• Materials provided:
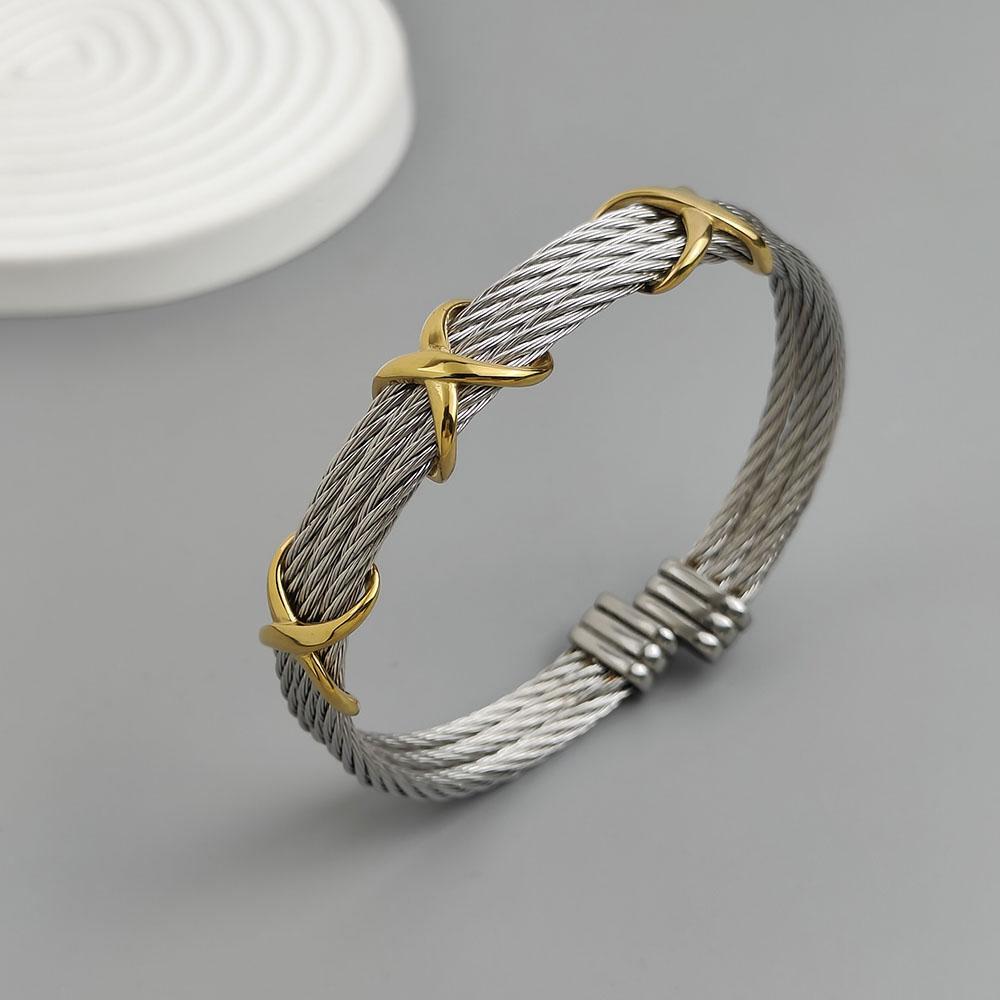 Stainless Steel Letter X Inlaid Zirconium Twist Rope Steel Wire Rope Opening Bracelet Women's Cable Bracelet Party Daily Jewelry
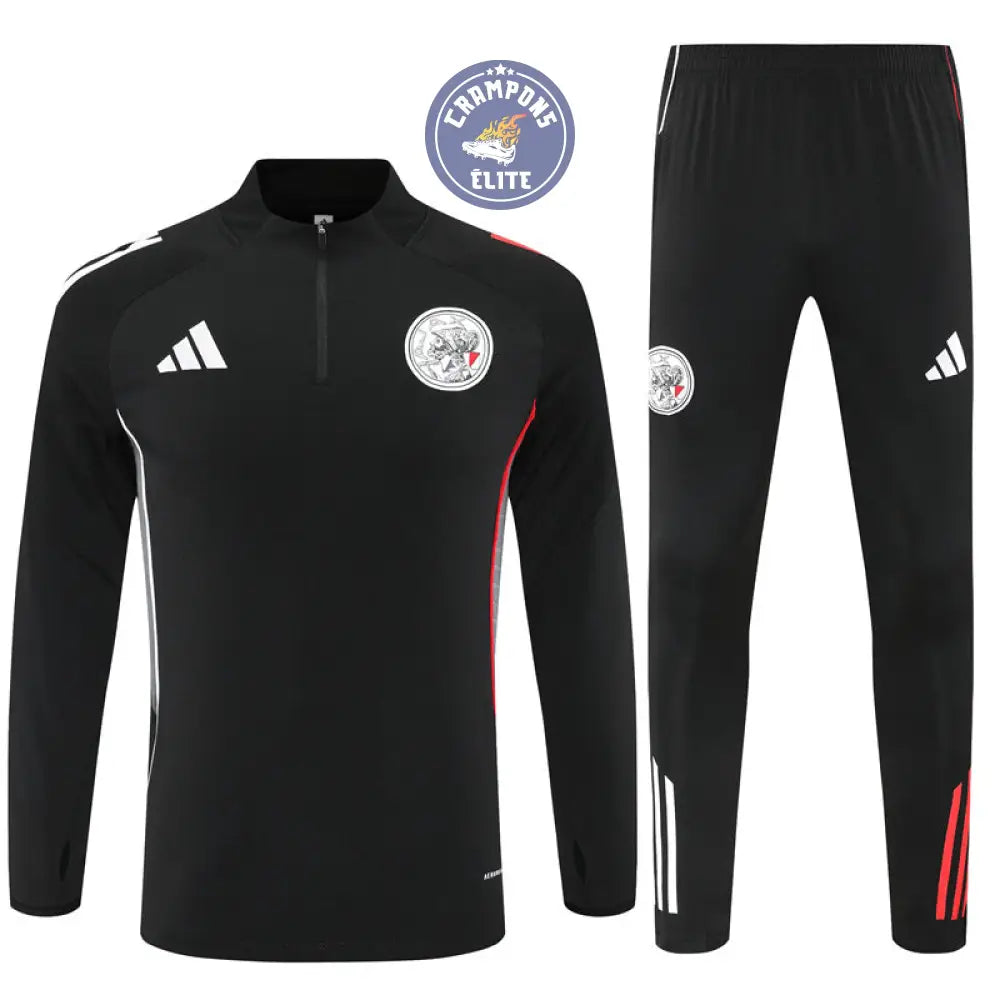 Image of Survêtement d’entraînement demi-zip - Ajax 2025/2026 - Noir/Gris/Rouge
---
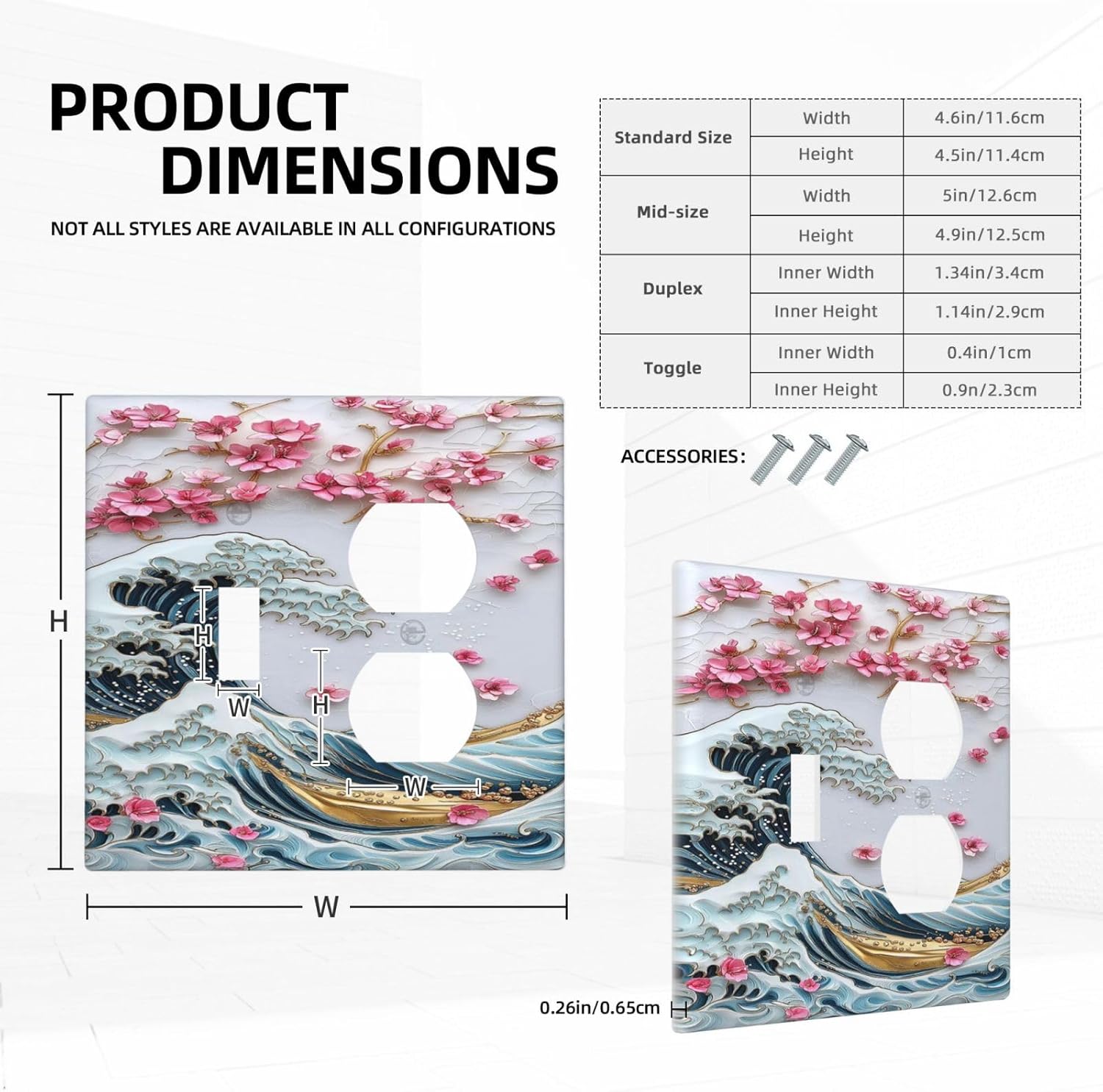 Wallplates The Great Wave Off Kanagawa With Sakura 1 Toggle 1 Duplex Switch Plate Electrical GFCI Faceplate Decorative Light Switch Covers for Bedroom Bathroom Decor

• Your goal:
Restate word for word every line from the one with "Stainless Steel Letter" up to and including the one with "Image of Survêtement" in the records above, minus the pictures.

• Response to the exercise:
 Stainless Steel Letter X Inlaid Zirconium Twist Rope Steel Wire Rope Opening Bracelet Women's Cable Bracelet Party Daily Jewelry
 Image of Survêtement d’entraînement demi-zip - Ajax 2025/2026 - Noir/Gris/Rouge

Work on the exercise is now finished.